Empecemos diciendo que las sociedades de antes ayudaban al ser humano en el camino de su progresiva maduración psicológica mucho más que nuestras sociedades post modernas.


Hasta no hace mucho, en el seno de cualquier sociedad avanzada existían elevados referentes a los cuales todos debíamos ajustar nuestra conducta, so pena de quedar invalidados para participar en determinados aspectos de la vida social.


Esos principios nos eran presentados en nuestra más tierna infancia, al tiempo que nos consentían ciertos niveles de tolerancia si transgredíamos esos principios debido a nuestra edad y a nuestra escasa formación.


Para una adulto esos principios eran rigurosos en grado máximo. Al mismo tiempo, estos principios representaban una autolimitación, a veces muy amplia, que siempre era bien acogida, porque, en el fondo, era una renuncia consciente al desmedido poder de los instintos, que tornan imposible la vida social.


Lo primero que se nos enseñaba, digamos, el primer principio, era que renunciábamos al poder de la mentira y del engaño, pues mentir, engañar y falsear supone jugar con ventaja y estar en mejor situación que uno que diga la verdad.


“Cállese si quiere, pero no mienta”, era la frase que nos decía el cura cuando nos amonestaba por una travesura o un estropicio.

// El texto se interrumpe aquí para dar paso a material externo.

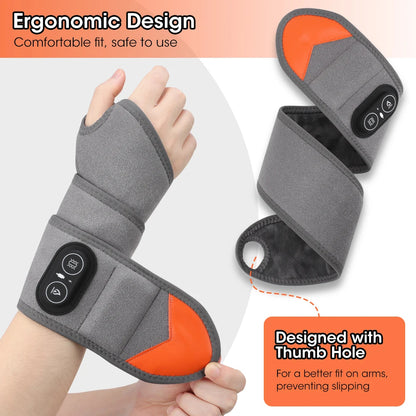 Wireless Electric Heating Hand & Wrist Massager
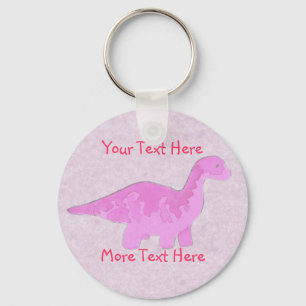 Roze Dino-Sleutelhanger Sleutelhanger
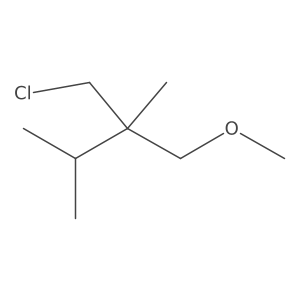 2-(Chloromethyl)-1-methoxy-2,3-dimethylbutane结构式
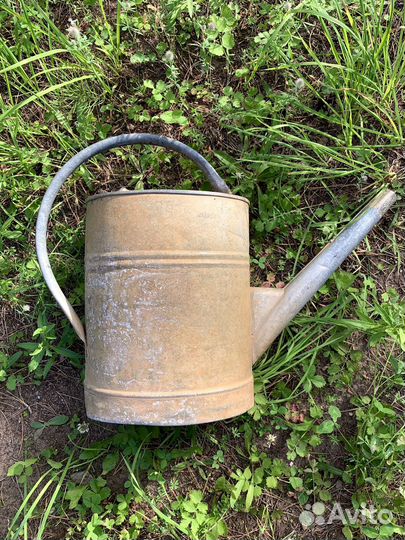 Лейка садовая металлическая СССР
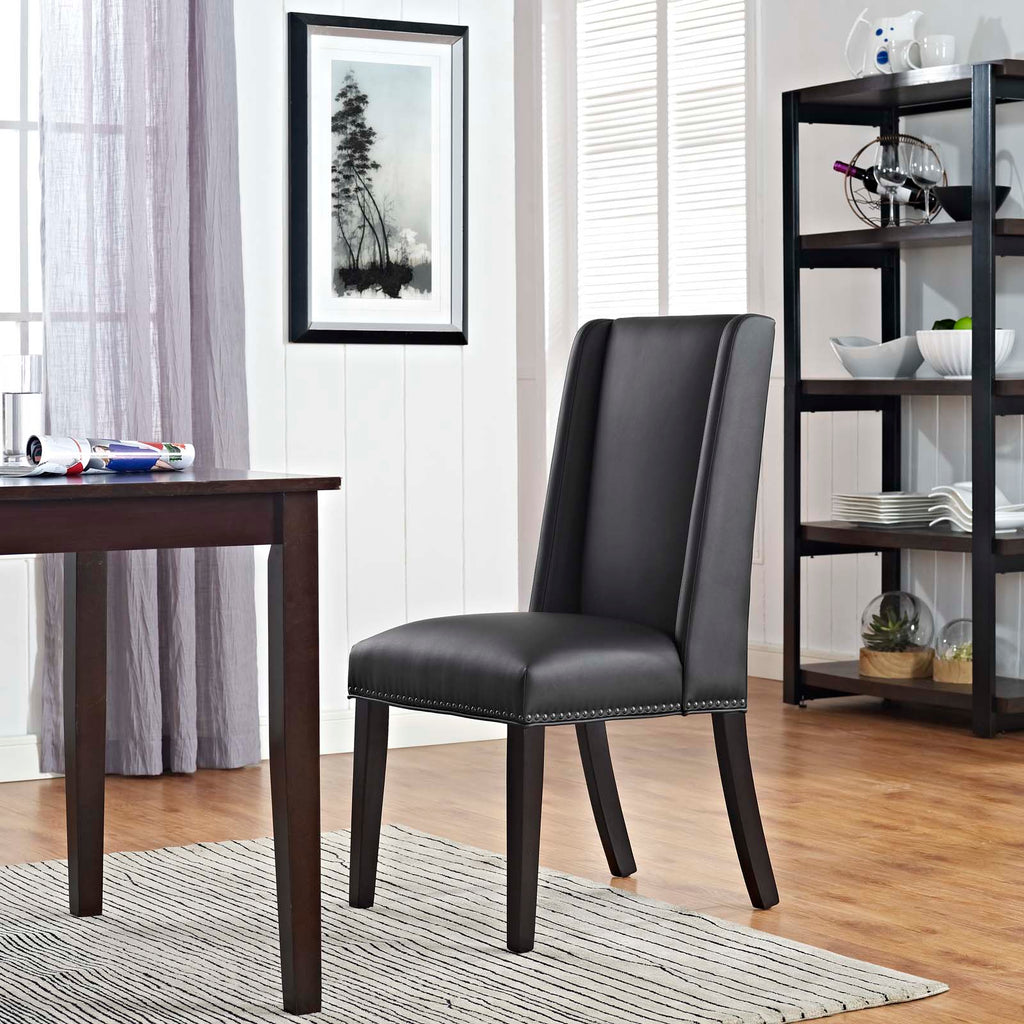 Baron Vinyl Dining Chair in Black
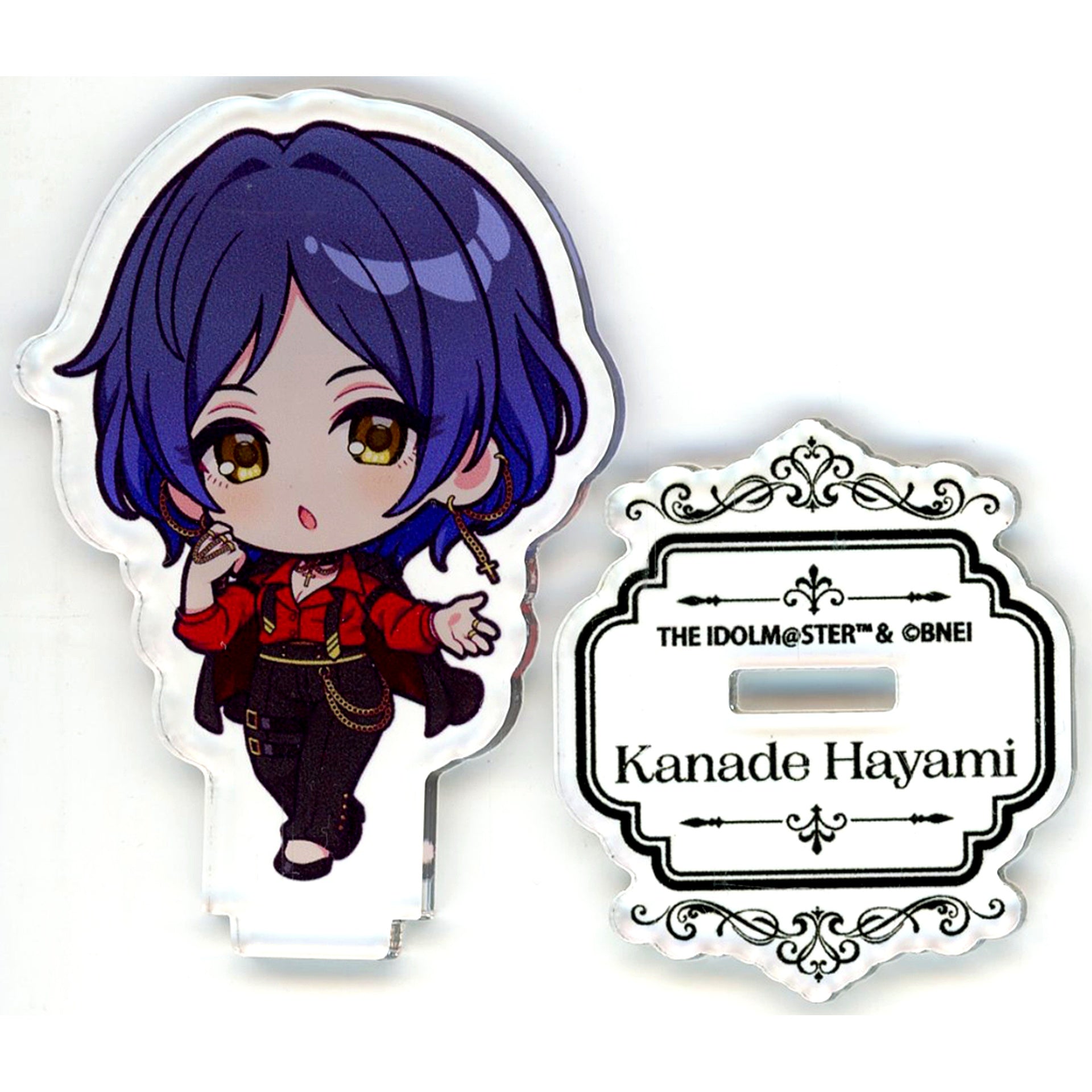 Kanade Hayami Trading Mini Character Acrylic Stand The Idolmaster Cinderella Girls POP UP SHOP Midnight Runway [USED]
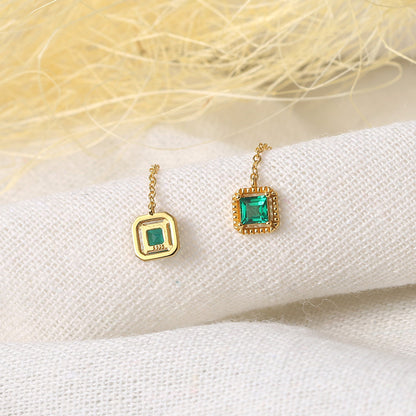Grandmother Emerald Drop Earrings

Todo se soportaba menos la mentira, pues, nos decían, que, si bien el primer pecado de Adán y Eva fue el de soberbia y el segundo fue la gula, el tercero fue el de la mentira.

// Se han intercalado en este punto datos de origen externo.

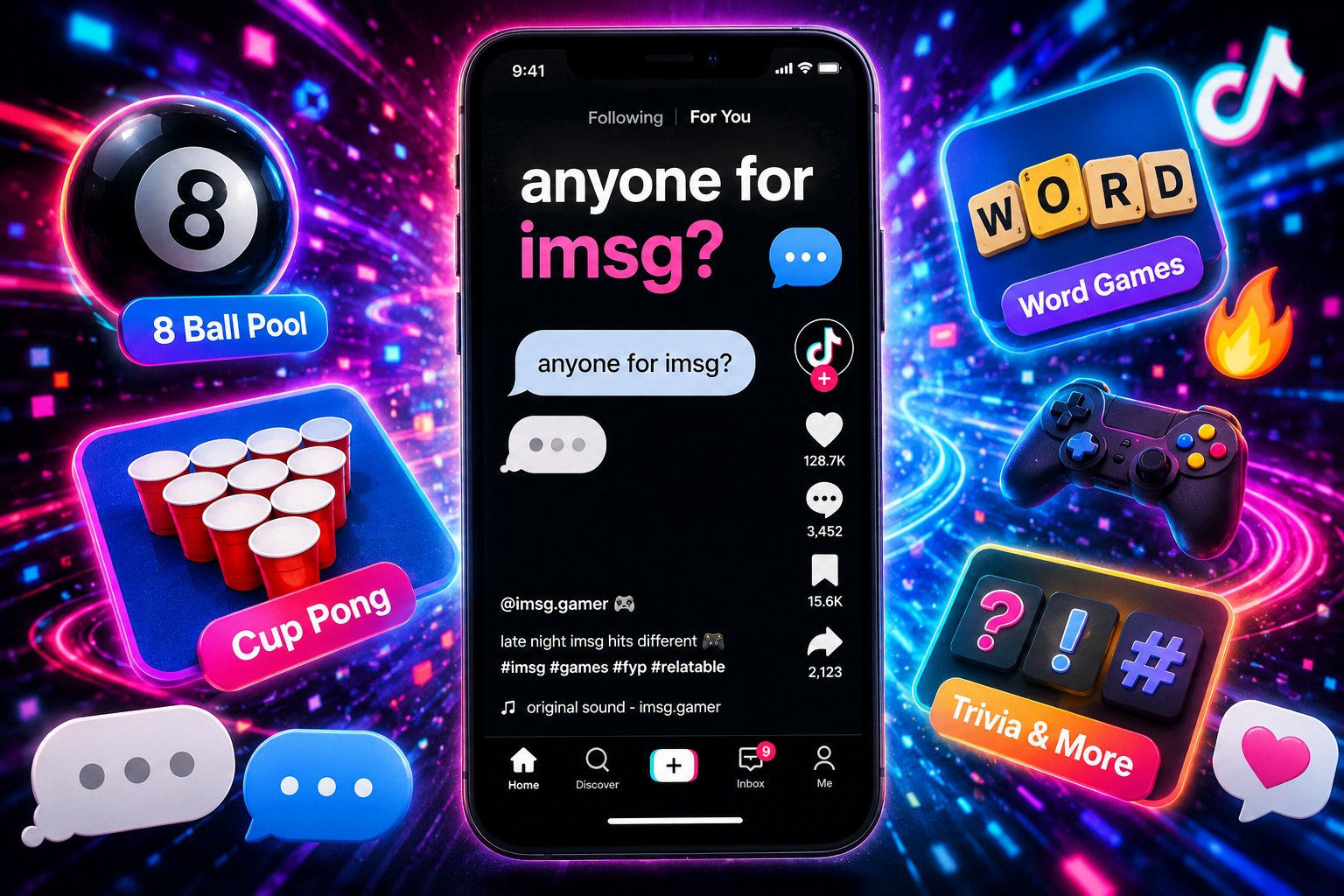 A New Meaning Emerges on TikTok: iMessage Games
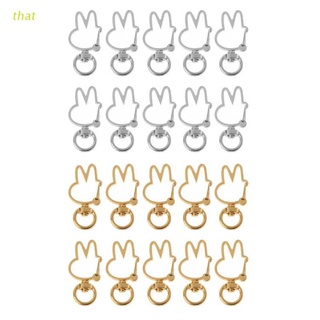 that 10Pcs Cute Rabbit Keychain Metal Swivel Lobster Clasp Snap Hook Jewelry Findings
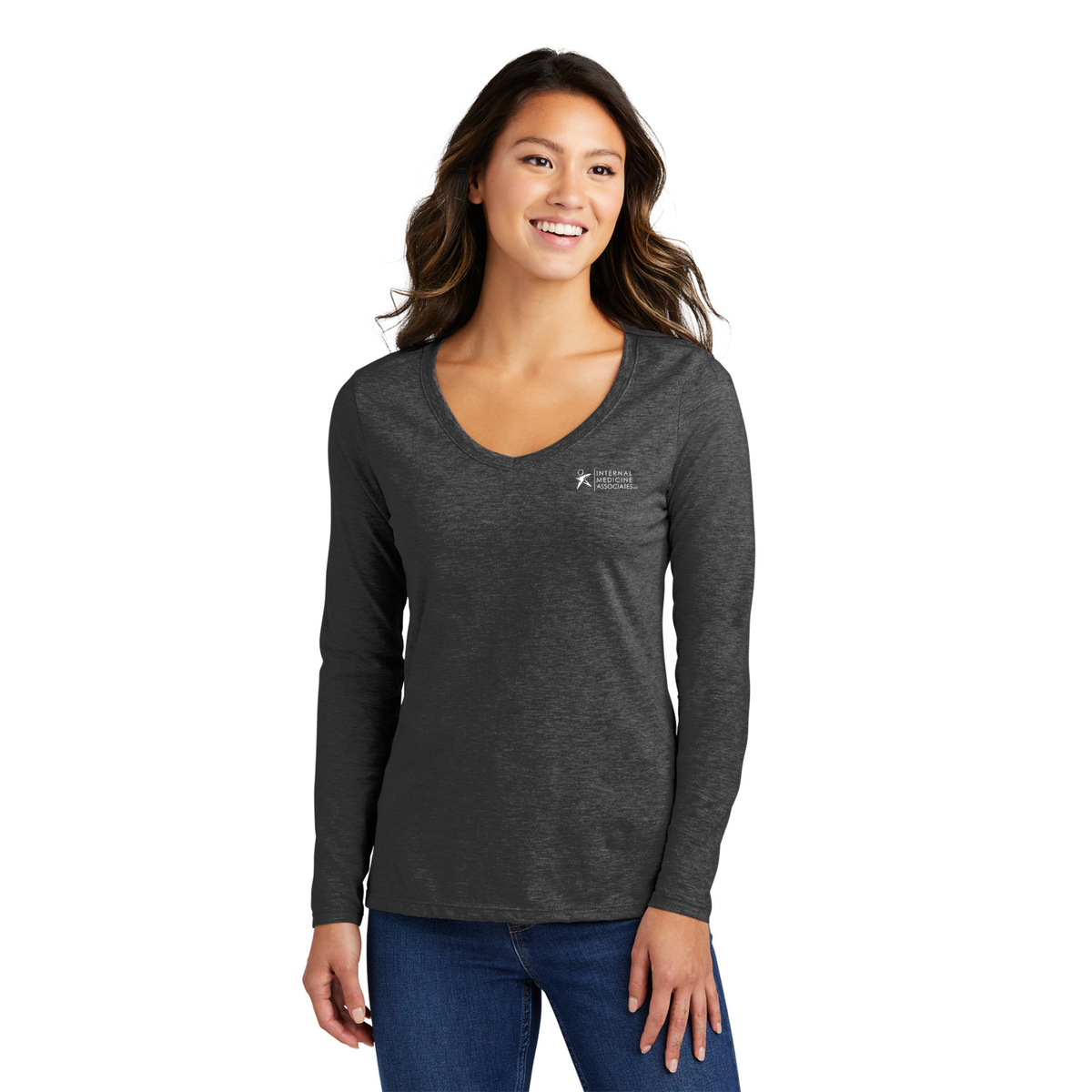 Women's Long Sleeve V-Neck Tee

Esta actual sociedad está tan enferma y ama tanto los fingimientos que, no en vano, Foucault designó a la mentira como la fuerza social más potente que hoy existe. La mentira existe, precisamente, para que no se desvele la verdad, pues si la verdad se manifestase, la fiesta se acabaría de súbito, como un vehículo al que repentinamente le falla el corazón de su motor y se para en seco…


La base de la madurez consistía en aceptar estas normas, interiorizarlas y devenir un ser humano responsable. La responsabilidad era la piedra de toque que aseguraba que la madurez personal y social se había logrado. Incluso el Estado, como entidad política, cifraba su supervivencia en el desarrollo de esas normas, que eran el fundamento de toda la vida social. No se admitía que nadie sometiese a crítica estas normas morales, a menos que uno fuese un eminente filósofo o un gran escritor, y aun entones se soportaban malmente estas críticas como devaneos de una mente exhibicionista...


Las naciones, como los individuos, también tenían sus normas morales fundamentales, y estas las demostraban en sus relaciones con las otras naciones. La relación entre dos o más países es lo que constituye el comercio.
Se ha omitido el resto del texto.